News

This Is What Gun Laws Are Like In Las Vegas

by Cate Carrejo
David Becker/Getty Images News/Getty Images

A horrifying and deadly mass shooting on the Las Vegas strip Sunday is almost certain to spark the ever-present underlying American debate on gun control. While few details about the perpetrator are known at this time, attention typically turns to the potential systemic causes of this type of tragedy pretty quickly. There's no way to be sure yet if Nevada's gun laws contributed to the Las Vegas shooting, but people are desperate for a change after this tragedy either way.

The shooting occurred Sunday night at the Route 91 Harvest Music Festival. The death toll was initially low, but as of early Monday morning, the number of casualties has surpassed that of the 2016 Pulse Nightclub incident to make this the deadliest mass shooting in modern American history. The exact number of the dead and injured is still in flux, so it could be a while before the nation knows the exact extent of this shooting. The type of guns that the shooter had in possession are still unknown too, as well as details regarding how he acquired his weapons and ammunition.

According to BBC News, Nevada has some of the most lax gun laws of any state in the country. Open carry is allowed, even for assault rifles — the perpetrator allegedly had several of them at his room in the Mandalay Bay Hotel. There is no limit to the amount of ammunition that a person can buy at a time, which may have helped the shooter harm more people during the attack. Gun owners also don't have to be licensed with the government, meaning there was no way to potentially track the shooter's movements before the attack and prevent his actions. Ultimately, though, while looser than many states, Nevada isn't that far off from the nation's median state gun laws.

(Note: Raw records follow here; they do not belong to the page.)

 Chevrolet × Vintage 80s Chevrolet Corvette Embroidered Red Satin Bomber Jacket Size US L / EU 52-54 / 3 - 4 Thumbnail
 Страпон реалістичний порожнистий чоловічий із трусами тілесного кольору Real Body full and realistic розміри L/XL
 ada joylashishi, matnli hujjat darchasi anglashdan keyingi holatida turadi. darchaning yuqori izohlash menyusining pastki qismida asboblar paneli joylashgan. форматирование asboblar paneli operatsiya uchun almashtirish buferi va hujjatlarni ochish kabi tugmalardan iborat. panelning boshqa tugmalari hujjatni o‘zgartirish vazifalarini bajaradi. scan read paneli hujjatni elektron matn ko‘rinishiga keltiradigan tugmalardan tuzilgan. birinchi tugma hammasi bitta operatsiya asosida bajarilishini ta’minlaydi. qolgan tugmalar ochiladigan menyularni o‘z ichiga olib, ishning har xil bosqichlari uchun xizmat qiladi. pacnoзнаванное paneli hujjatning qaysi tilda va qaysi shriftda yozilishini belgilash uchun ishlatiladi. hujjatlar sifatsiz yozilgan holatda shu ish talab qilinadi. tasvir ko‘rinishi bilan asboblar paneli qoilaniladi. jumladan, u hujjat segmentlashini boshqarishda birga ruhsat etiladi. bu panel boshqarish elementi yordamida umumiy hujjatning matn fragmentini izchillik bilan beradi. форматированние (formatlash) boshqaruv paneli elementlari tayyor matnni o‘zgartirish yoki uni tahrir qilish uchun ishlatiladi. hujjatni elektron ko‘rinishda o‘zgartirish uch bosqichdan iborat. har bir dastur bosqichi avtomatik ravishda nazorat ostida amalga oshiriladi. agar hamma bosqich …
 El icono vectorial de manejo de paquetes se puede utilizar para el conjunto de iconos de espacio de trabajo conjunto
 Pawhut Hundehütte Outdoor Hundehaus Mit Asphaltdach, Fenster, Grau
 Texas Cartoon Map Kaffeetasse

Calls for gun control followed the news of the shooting almost immediately, with much of the public blame for the incident being placed on Congress.

Nelba Márquez-Greene, a gun control activist and mother of one of the 20 children who died in the 2012 Newtown mass shooting, tweeted:

Every day, I am stunned by the level of trauma (direct or vicarious) Congress is willing to make us suffer through. #Newtown #LasVegas.

In another tweet, writer and transgender military veteran Charles Clymer wrote:

Members of Congress:
We don't need "thoughts and prayers", right now.
I have a priest for prayer. I have family and friends for thoughts.
We need legislation. We need action. We need you to do your damn jobs.
Anything otherwise is neither thoughtful nor prayerful.
#LasVegas

People also worked quickly to re-publicize the veto of a gun control bill that passed through the Nevada legislature, but died on the governor's desk. Nevada's Republican Gov. Brian Sandoval killed the potential law, which would have made background checks mandatory for private gun sales, in 2013. He claimed that universal background checks aren't necessary because Nevadans should be able to sell their guns on their own to family members or individuals with a license to carry — it's pretty much the legislative equivalent of choosing to be sorry instead of safe.

Though Nevada voters approved the law via a ballot measure last year, there may have been casualties during those years whose deaths could have been prevented were the law enacted when originally proposed and passed. It's unknown whether this law would have impacted the Las Vegas shooter's ability to access a gun, yet the irony of the thing is simply too real to pass up.

The Las Vegas shooting is a demoralizing way to start a Monday morning — most people in this country are taught from young age that they have the power to affect change in the American legal system, that it's one of the things that makes the U.S. such a special place. But the reality of politics has failed to keep Americans safe in recent years as the clock on the deadliest mass shooting in the nation's history keeps resetting.